▶ _Your objective_
Pictures should be left out while the data beneath this task is written out word for word.

-------- Available data

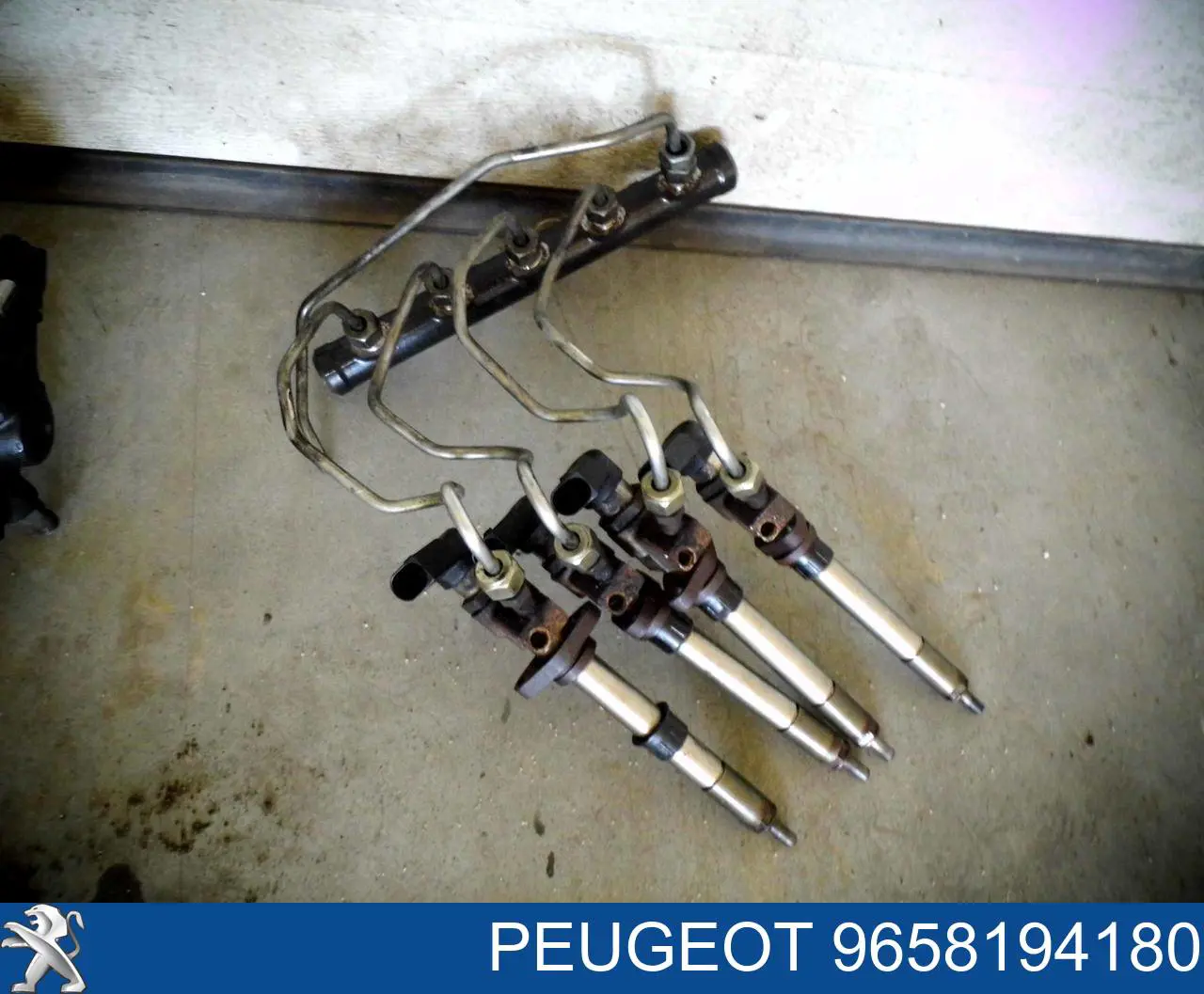  9658194180 Peugeot/Citroen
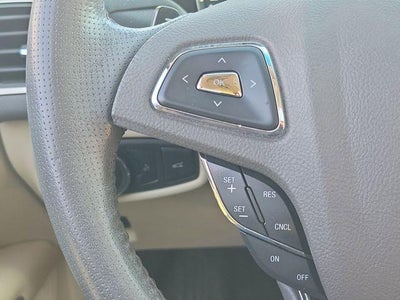 2014 Lincoln MKZ Base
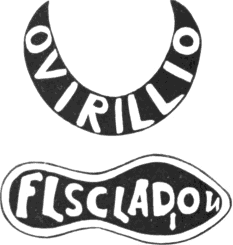 OVIRILLIO, FLSCLADIOU OVIRILLIO, FLSCLADIOU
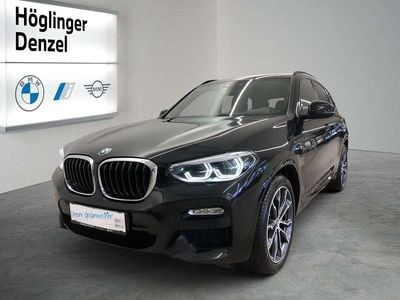 Schwarz Gebraucht 2018 BMW X3 Efficient Dynamics SUV | € 29.990 (Guter Preis)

----------------

▶ _Exercise output_
  9658194180 Peugeot/Citroen
 2014 Lincoln MKZ Base
 OVIRILLIO, FLSCLADIOU OVIRILLIO, FLSCLADIOU
 Schwarz Gebraucht 2018 BMW X3 Efficient Dynamics SUV | € 29.990 (Guter Preis)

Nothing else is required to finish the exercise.